Institute for Peace and Security Studies
- Abbreviation: IPSS
- Established: 2007
- Type: Think Tank
- Headquarters: Addis Ababa University
- Leader: Dr. Kidane Kiros, Ms. Michelle Ndiaye
- Staff: 50
- Website: ipss-addis.org

= Institute for Peace and Security Studies =

Ethiopia-based think tank

Established in 2007, the Institute for Peace and Security Studies (IPSS) of Addis Ababa University (AAU) was created as a centre for teaching, research and outreach activities. It received further stimulation when the African Peace and Security Programme (APSP), a partnership programme between IPSS and the African Union (AU), was launched in 2010.

IPSS provides recognized academic education and professional training in conflict analysis, prevention, management and resolution. It also conducts academic and applied research in the area of peace and security.

The IPSS is the alma mater of Ethiopian Prime Minister and Nobel Peace laureate Abiy Ahmed, who stated that he completed his PhD dissertation at IPSS in 2017.

==Creation==
The Institute for Peace and Security Studies was founded by Mulugeta Gebrehiwot in 2007.

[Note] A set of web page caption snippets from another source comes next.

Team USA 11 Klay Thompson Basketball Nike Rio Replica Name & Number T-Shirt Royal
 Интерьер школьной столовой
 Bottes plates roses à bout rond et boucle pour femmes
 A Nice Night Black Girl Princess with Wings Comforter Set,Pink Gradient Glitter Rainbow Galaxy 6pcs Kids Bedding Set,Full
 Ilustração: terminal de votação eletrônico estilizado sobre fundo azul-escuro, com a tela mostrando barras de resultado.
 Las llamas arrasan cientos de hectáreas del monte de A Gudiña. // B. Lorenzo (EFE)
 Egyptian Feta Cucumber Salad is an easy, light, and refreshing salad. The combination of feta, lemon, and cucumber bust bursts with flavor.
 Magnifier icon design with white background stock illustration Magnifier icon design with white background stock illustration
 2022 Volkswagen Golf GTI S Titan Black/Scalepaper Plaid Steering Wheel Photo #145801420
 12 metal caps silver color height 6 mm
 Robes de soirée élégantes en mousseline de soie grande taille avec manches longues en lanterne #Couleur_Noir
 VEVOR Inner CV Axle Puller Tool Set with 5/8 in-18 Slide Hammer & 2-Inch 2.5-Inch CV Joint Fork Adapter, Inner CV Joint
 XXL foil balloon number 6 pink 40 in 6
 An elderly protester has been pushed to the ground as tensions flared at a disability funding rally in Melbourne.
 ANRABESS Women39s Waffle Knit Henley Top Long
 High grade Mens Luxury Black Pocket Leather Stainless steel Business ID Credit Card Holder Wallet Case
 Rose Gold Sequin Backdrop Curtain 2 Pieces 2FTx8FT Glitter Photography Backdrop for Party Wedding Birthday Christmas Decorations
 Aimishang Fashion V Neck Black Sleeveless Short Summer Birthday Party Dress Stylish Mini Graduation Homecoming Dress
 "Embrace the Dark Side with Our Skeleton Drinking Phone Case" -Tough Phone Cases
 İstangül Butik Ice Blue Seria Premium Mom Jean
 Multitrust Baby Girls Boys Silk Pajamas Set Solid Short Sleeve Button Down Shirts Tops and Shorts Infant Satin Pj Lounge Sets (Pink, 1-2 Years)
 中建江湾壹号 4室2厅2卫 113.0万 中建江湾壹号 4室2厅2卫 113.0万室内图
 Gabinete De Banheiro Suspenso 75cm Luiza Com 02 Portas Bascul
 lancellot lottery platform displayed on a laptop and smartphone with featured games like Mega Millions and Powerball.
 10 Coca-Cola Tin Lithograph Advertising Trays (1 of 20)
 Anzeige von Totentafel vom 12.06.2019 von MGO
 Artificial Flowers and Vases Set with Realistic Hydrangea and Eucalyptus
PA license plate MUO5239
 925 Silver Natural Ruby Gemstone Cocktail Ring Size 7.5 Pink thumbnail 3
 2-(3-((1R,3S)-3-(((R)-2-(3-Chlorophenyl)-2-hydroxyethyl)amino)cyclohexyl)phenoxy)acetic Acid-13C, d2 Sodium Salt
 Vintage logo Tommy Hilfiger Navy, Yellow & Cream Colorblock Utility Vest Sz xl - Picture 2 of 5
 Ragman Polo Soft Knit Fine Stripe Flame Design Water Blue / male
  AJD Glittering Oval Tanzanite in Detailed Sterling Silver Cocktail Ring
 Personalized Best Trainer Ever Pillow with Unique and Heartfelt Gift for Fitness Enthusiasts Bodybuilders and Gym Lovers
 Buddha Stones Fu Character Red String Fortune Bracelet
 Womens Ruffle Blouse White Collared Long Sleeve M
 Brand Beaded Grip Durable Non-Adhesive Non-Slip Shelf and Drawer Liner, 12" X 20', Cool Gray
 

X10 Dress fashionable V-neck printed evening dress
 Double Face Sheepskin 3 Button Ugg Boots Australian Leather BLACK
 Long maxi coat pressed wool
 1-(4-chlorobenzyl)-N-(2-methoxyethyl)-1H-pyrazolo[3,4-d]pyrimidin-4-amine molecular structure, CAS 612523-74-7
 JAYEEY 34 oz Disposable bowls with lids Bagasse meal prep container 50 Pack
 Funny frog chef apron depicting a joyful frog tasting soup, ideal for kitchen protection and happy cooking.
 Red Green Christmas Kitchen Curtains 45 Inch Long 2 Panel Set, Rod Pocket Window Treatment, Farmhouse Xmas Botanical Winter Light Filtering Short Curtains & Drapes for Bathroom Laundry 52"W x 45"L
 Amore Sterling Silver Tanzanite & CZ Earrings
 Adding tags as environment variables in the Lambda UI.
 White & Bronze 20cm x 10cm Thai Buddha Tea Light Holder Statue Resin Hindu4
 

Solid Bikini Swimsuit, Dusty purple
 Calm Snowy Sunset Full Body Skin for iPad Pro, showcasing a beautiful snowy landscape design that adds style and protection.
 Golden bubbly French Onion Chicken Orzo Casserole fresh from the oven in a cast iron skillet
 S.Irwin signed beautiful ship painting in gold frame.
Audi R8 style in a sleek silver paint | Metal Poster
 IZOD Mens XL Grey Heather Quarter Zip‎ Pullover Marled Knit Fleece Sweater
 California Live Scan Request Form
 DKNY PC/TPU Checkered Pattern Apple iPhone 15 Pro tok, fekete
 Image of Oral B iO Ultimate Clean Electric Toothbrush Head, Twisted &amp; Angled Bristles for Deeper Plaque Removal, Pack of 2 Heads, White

== Africa Peace and Security Programme (APSP) ==
APSP's activities and projects are aimed at enhancing African capacity (both the AU and Regional Economic Communities/Mechanisms) in the area of peace and security. They also line up to IPSS teaching, research and outreach strategic objectives. The programmatic focus and activities of IPSS are, therefore, the cumulative programmes of both the Institute and APSP. APSP receives substantial technical and financial support from the Deutsche Gesellschft fur Internationale Zusammenarbeit (GIZ) GmbH, the Austrian Development Agency (ADA), other development partners and members of the African private sector.

== Tana High-Level Forum on Security in Africa ==

IPSS serves as the secretariat for the Tana High-Level Forum on Security in Africa. Taking place each April in Ethiopia, the Forum convenes heads of state, academics, the private sector and policymakers for two days of debate and discussions. The first Forum took place in 2012 in Bahir Dar, Ethiopia.

== Partners ==

Among others, the Institute is supported by the African Union, Regional Economic Communities (RECs)/Regional Mechanisms (RMs), development partners, the private sector, think tanks/universities, programme/project development partners and embassies.